Accusé d’avoir produit de la pornographie juvénile dans son roman d’horreur Hansel et Gretel, l’auteur Yvan Godbout a joué son va-tout cette semaine pour éviter son procès. Dans cette cause phare pour la liberté artistique et d’expression, la Couronne appelle les élus à intervenir pour modifier les comportements en matière de pornographie juvénile.

Véronique Lauzon Véronique Lauzon
La Presse

Yvan Godbout devrait avoir un procès devant juge et jury à la Cour supérieure du Québec à une date encore indéterminée. Les Éditions ADA inc. sont aussi accusées d’avoir produit et distribué ce roman.

Pour faire tomber les accusations, l’avocat de l’auteur, Jean-Philippe Marcoux, était au palais de justice de Sorel-Tracy, lundi et mardi, pour contester la constitutionnalité de certains articles du Code criminel portant sur la pornographie juvénile et sa définition.

D’après la défense, la définition de pornographie juvénile « va trop loin et couvre une gamme de matériel trop vaste », peut-on lire dans une requête déposée par la défense. De plus, elle soutient que la peine d’emprisonnement allant d’un an à quatorze ans dont est passible Yvan Godbout est « totalement disproportionnée, arbitraire et excessive ». Elle souligne que ce qui est visé par l’accusation de pornographie juvénile, ce sont seulement « 14 passages sur un total d’un peu plus de 250 pages ».

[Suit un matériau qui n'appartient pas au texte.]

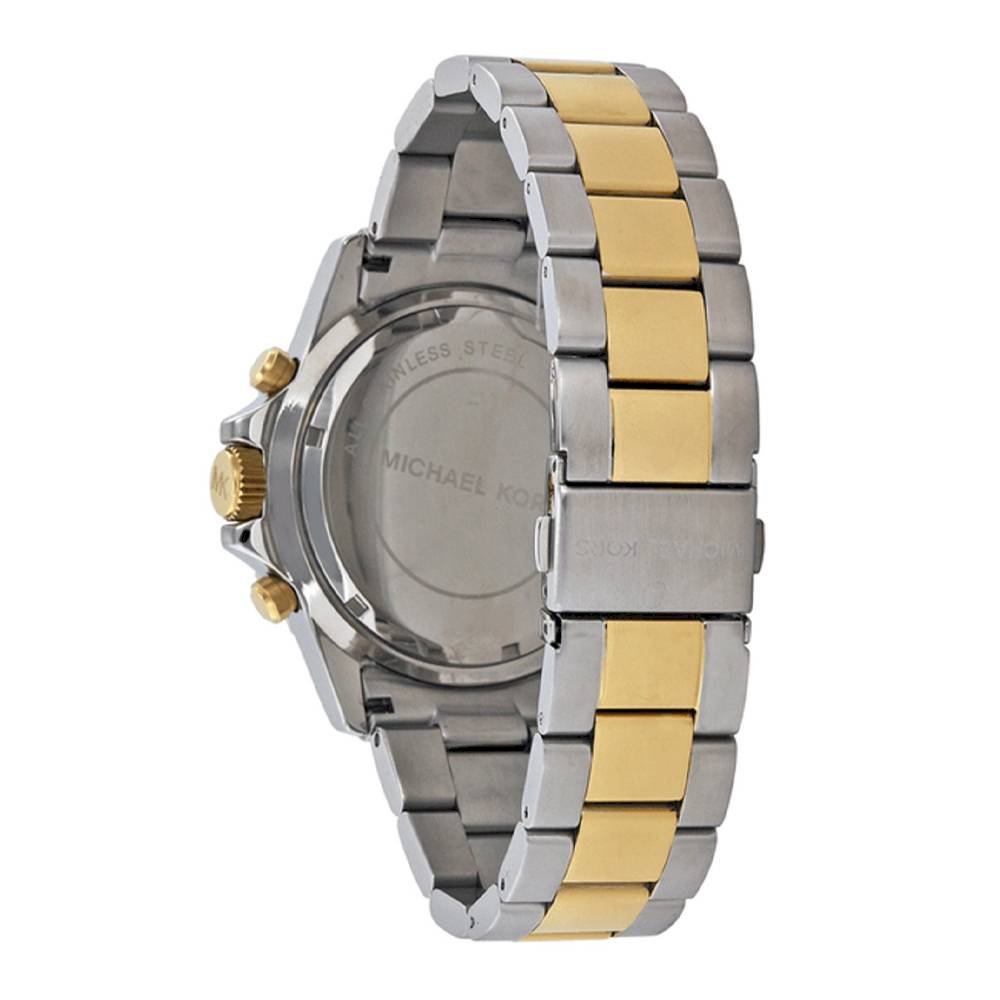 Michael Kors MK8311 Everest Black Dial Two-tone Men's Watch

Un des autres éléments soulevés par la défense cette semaine est que d’après cet article de pornographie juvénile, une personne ne peut être reconnue coupable si les actes à l’origine de l’infraction ont un but légitime notamment lié aux arts. Ce qui est le cas pour l’œuvre Hansel et Gretel, d’après MMarcoux. Ce dernier affirme aussi que l’auteur dénonce la pornographie juvénile dans son roman qui met en scène un frère et une sœur qui subissent des sévices sexuels et physiques.

Contrairement à lui, l’avocat du ministère de la Justice, MMichel Déom, croit que « la littérature peut ne pas être reliée aux arts ». Pour cette raison, Yvan Godbout et les Éditions ADA inc. peuvent donc avoir leur procès.

Il a également été question de romans signés par d’autres auteurs qui contiennent des passages qui pourraient être qualifiés de pornographie juvénile, comme ceux de Christine Angot, de Gabriel Matzneff et du marquis de Sade. L’avocat du ministère de la Justice a mentionné que dans le cas de ce dernier, le livre serait plus acceptable parce qu’« il y a une critique sociale derrière Sade ».

« J’ai de la difficulté à saisir pourquoi ici, M.  Godbout, on le poursuit, a fait valoir le juge Marc-André Blanchard. Objectivement, j’ai de la difficulté à comprendre. Ça ressemble à de l’arbitraire », a-t-il précisé.

« Le législateur, de temps à autre, doit intervenir pour modifier les comportements, puisque les mœurs et valeurs changent dans la société », a fait savoir Me Déom. Et d’après lui, c’est le cas des sujets qui touchent la pornographie juvénile. « On est rendus là », a-t-il ajouté.

Le juge Blanchard a aussi fait référence au témoignage d’Yvan Godbout, lundi, où il a confié qu’il se sentait « injustement attaqué par l’État », parce que, notamment, on l’obligeait à avoir un procès devant jury alors qu’il préférerait un procès devant juge seul, et également parce qu’il n’a pas droit à une enquête préliminaire.

Lors de son témoignage, Yvan Godbout a confié que tout ce procès était difficile pour lui, qu’il avait eu des idées suicidaires et qu’il avait été hospitalisé.

Rappelons que tout ce litige a commencé à la fin de 2017, lorsque Valérie Harnois, enseignante à la polyvalente de Deux-Montagnes, a porté plainte à la Sûreté du Québec pour dénoncer des passages du roman d’horreur de Godbout qui répondaient d’après elle à la définition de pornographie juvénile du Code criminel.

En mars 2019, alors que les enquêteurs avaient obtenu des mandats d’arrêt, l’auteur « est arrêté chez lui aux petites heures du matin par plusieurs policiers et tout le matériel informatique se trouvant chez lui est saisi », peut-on lire dans la requête déposée par la défense.

Le juge rendra sa décision prochainement. S’il donne raison à l’auteur, il n’y aura pas de procès. Sinon, le procès devant juge et jury qui était fixé pour le mois de septembre sera remis à une date ultérieure, à cause de la pandémie de COVID-19.